ROBBE-GRILLET, Alain (1922 - 2008)
"Or le monde n'est ni signifiant ni absurde. Il est, tout simplement. C'est là, en tout cas, ce qu'il a de plus remarquable. Et soudain cette évidence nous frappe avec une force contre laquelle nous ne pouvons plus rien. D'un seul coup toute la belle construction s'écroule: ouvrant les yeux à l'improviste, nous avons éprouvé, une fois de trop, le choc de cette réalité têtue dont nous faisions semblant d'être venus à bout. Autour de nous, défiant la meute de nos adjectifs animistes ou ménagers, les choses sont là. Leur surface est nette, lisse, intacte, sans éclat louche ni transparence. Toute notre littérature n'a pas encore réussi à en entamer le plus petit coin, à en amollir la moindre courbe."

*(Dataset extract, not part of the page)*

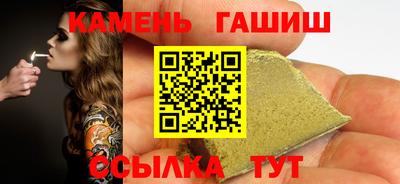 соль ск Конаково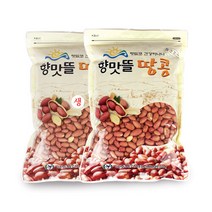 [향맛뜰] 여주 볶음땅콩 1kg+생땅콩 1kg 고소한 국내산 땅콩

Alain Robbe-Grillet, Pour un Nouveau Roman (1963), Une Voie pour le Roman futur, éd. Minuit, p. 18."Avant l'oeuvre, il n'y a rien, pas de certitude, pas de thèse, pas de message. Croire que le romancier a "quelque chose à dire", et qu'il cherche ensuite comment le dire, représente le plus grave des contre-sens. Car c'est précisément ce "comment ", cette manière de dire, qui constitue son projet d'écrivain, projet obscur entre tous, et qui sera plus tard le contenu douteux de son livre. C'est peut-être, en fin de compte, ce contenu douteux d'un obscur projet de forme qui servira le mieux la cause de la liberté. Mais à quelle échéance?"
Alain Robbe-Grillet, Pour un Nouveau Roman, "Nouveau Roman, Homme nouveau", p. 121, éd. Minuit.